* **SUPPLIED MATERIAL**:
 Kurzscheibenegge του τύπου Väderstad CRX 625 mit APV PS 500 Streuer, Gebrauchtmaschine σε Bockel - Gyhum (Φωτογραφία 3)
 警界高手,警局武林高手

--

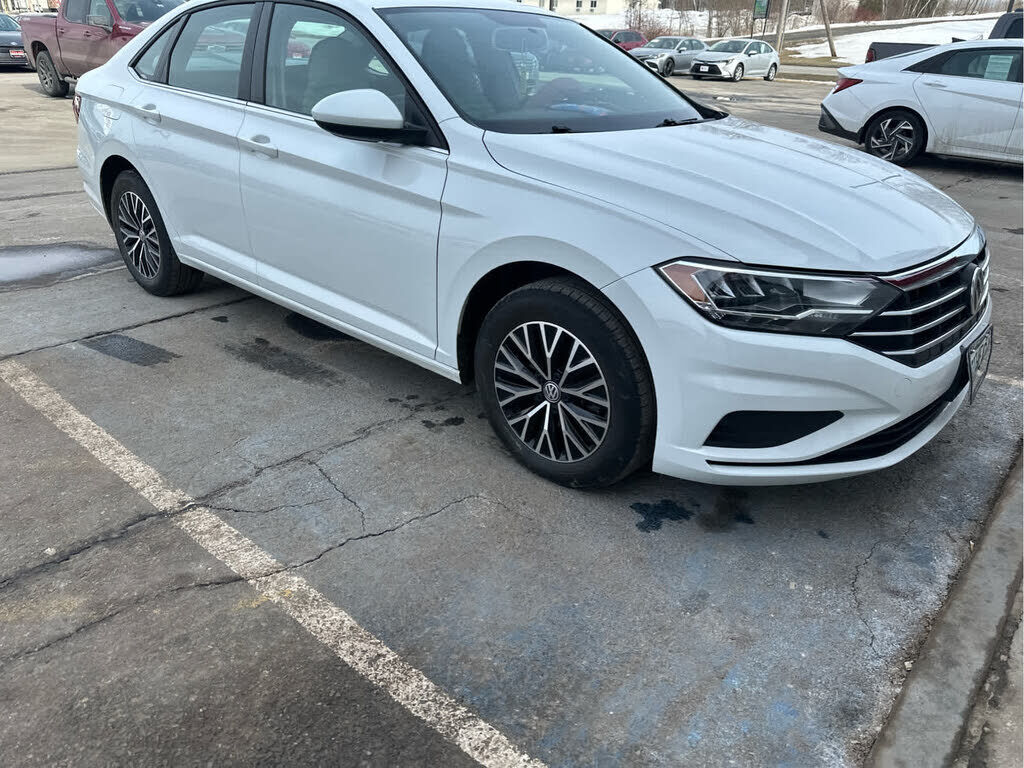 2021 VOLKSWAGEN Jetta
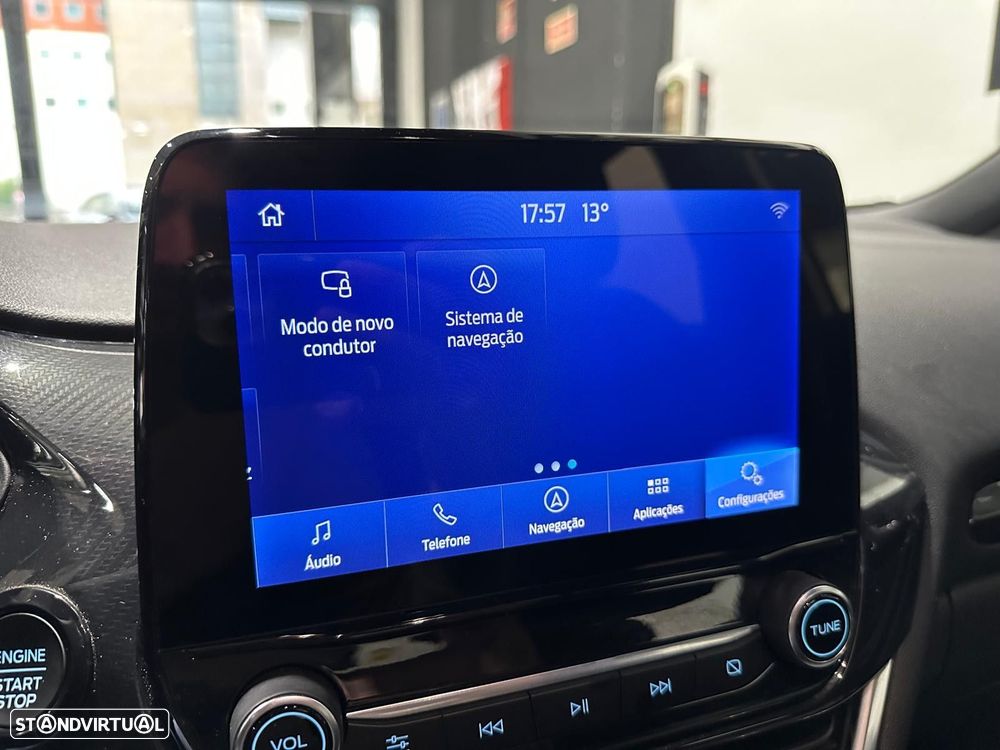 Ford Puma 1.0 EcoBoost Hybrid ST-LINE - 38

* **WHAT IS EXPECTED**:
Among the lines above, repeat exactly those from the line with "Kurzscheibenegge του τύπου" to the line with "警界高手,警局武林高手", counting both ends.

* **SOLUTION TO THIS PROBLEM**:
 Kurzscheibenegge του τύπου Väderstad CRX 625 mit APV PS 500 Streuer, Gebrauchtmaschine σε Bockel - Gyhum (Φωτογραφία 3)
 警界高手,警局武林高手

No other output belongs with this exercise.